Mussman, 'ruling-class politicians in Springfield' failing Illinois, Bernas says
Jillian Bernas, the Schaumburg Republican challenging Rep. Michelle Mussman (D-Schaumburg) in November's general election, said Mussman has been complicit in the Springfield machinations that have left Illinois ranked among the worst states in the nation in which to do business.
"The fact Illinois ranks 48 out of 50 states in worst business climate for the past four years demonstrates that Michelle Mussman and the ruling-class politicians in Springfield have been failing Illinois," Bernas told North Cook News. "More specifically, the burdensome regulations, high taxes and steep compliance costs coming out of the General Assembly are making business very unattractive and uncompetitive for Illinois, which hurts our families and hurts job-seekers. This is why Illinois has lost more than 700,000 residents over the last 10 years."
That reflects poorly on the so-called leadership in Springfield, Bernas said.
"Ruling-class politicians are only interested in their core special interest groups and donors and their harmful actions are hurting the rest of Illinois," Bernas said. "Putting their self-interests first is coming at the expense of growth, wealth and keeping families together throughout this state."
Bernas, an international relations manager fresh from her win during the GOP primary in March when she garnered 59 percent of the vote over her Republican challenger Charlotte Kegarise, is facing off for a second time against Mussman in the 56th House District.
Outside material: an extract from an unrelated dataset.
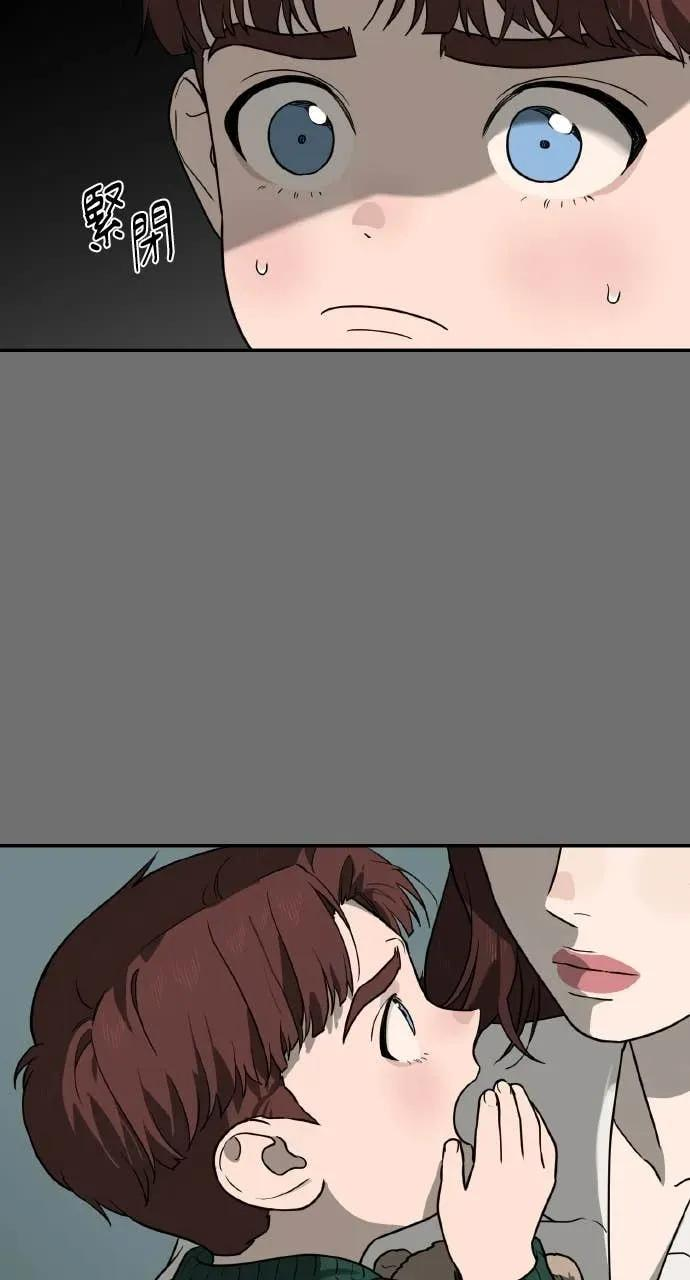 第21话 第36页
Bernas took 44.7 percent of the vote in her loss to Mussman in the 2016 race for that seat.
The 56th House District includes Schaumburg, Hanover Park, Roselle and Elk Grove Village.
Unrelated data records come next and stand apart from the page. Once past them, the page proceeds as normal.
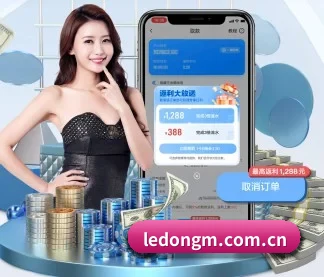 乐动体育 APP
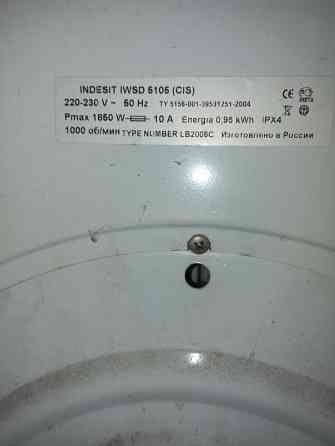 Стиралка Индезит на запчасти Донецк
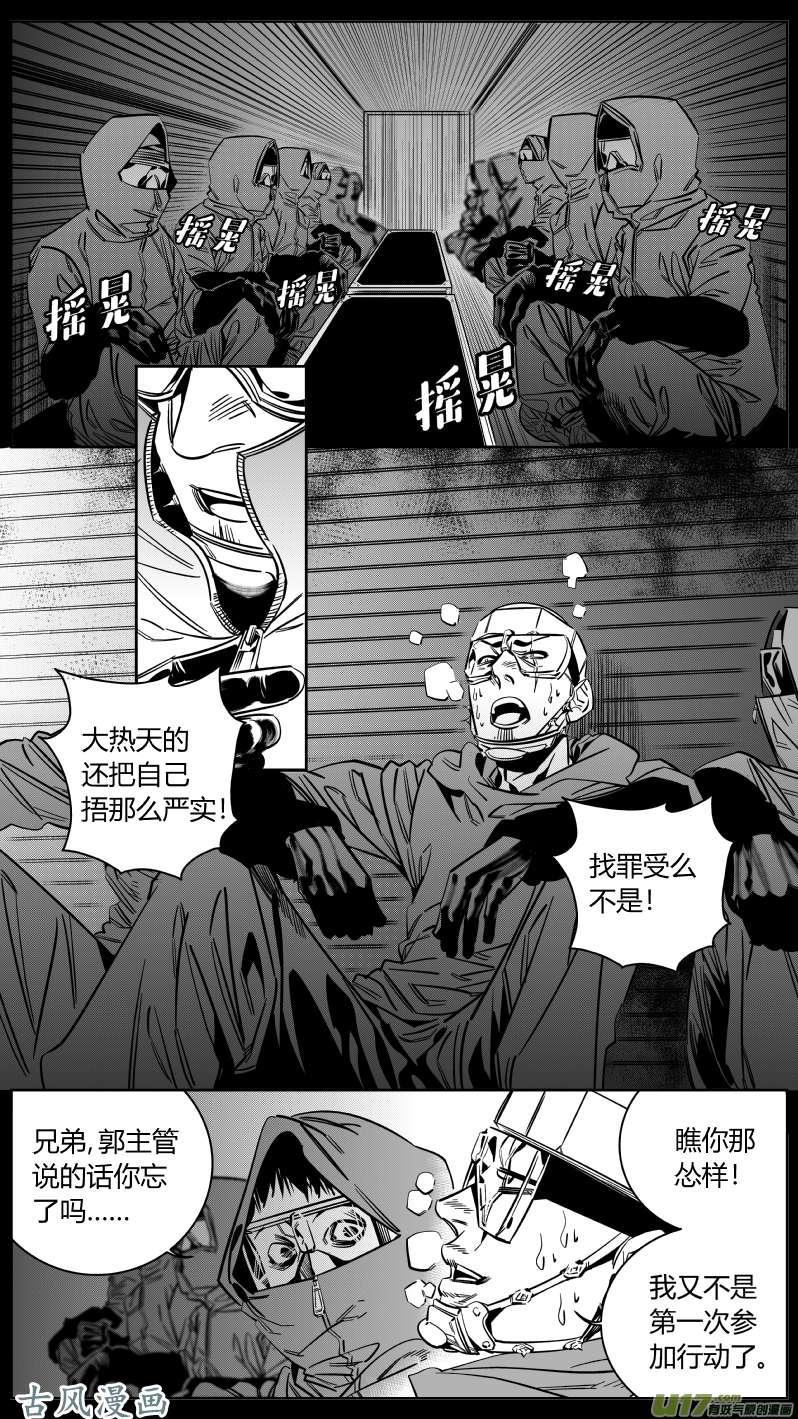 我有特别的颜艺技巧158.任务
Bernas' most recent comments to the North Cook News came a few weeks after Illinois once again ranked 48th of the 50 states as the worst place in the United States in Chief Executive magazine's annual Best and Worst States for Business released May 3. Illinois ranked behind No. 47 New Jersey, No. 46 Connecticut and No. 45 Massachusetts, and ahead of No. 50 California and No. 49 New York.
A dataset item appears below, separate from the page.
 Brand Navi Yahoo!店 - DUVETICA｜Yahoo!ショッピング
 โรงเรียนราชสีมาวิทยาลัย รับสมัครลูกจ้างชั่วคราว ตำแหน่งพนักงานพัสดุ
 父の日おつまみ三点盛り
The best states in which to do business in the nation, according to Chief Executive magazine's latest poll, are No. 1 Texas, No. 2 Florida, a tie for No. 3 between North Carolina and South Carolina, and No. 5 Indiana.
"Seem familiar?" Chief Executive's Dale Buss wrote in an article released with this year's poll. "That’s because those are the exact same positions each of these states has occupied in each of the last four years in our annual poll of CEOs about business climates."
The poll's dismal results are a clarion call for change, Bernas said.
"It is clear that we need to elect new leaders to Springfield to get our fiscal house in order and provide certainty so that business owners can do the work of creating jobs," she said.
Uncertainty is the most harmful thing businesses face in Illinois, Bernas said.
"Illinois' growing debt liabilities make businesses reluctant to expand and invest in Illinois because they don’t know what to expect further down the road," she said.
"Will taxes go way up? Will more aggressive regulations be coming out of Springfield? Will there be more compliance costs dealing with all the various government entities, taxing bodies, licensing, permits, labor, etc., that delays opening for business even longer? Employers and business owners just don’t know what they’re getting if they're opening up shop in Illinois – and that falls squarely on our lawmakers in Springfield."
Change will require reform, Bernas said.
"I want to get to Springfield to support the necessary reforms so that business can flourish, she said.
"I will work hard to lower taxes by repealing the 32 percent increase on income tax and capping property taxes. I also want to work on reforms that address burdensome regulations and streamline the compliance process. Those are the three biggest things we could do to attract businesses, jobs and stability for Illinois in addition to providing certainty over the future of our state."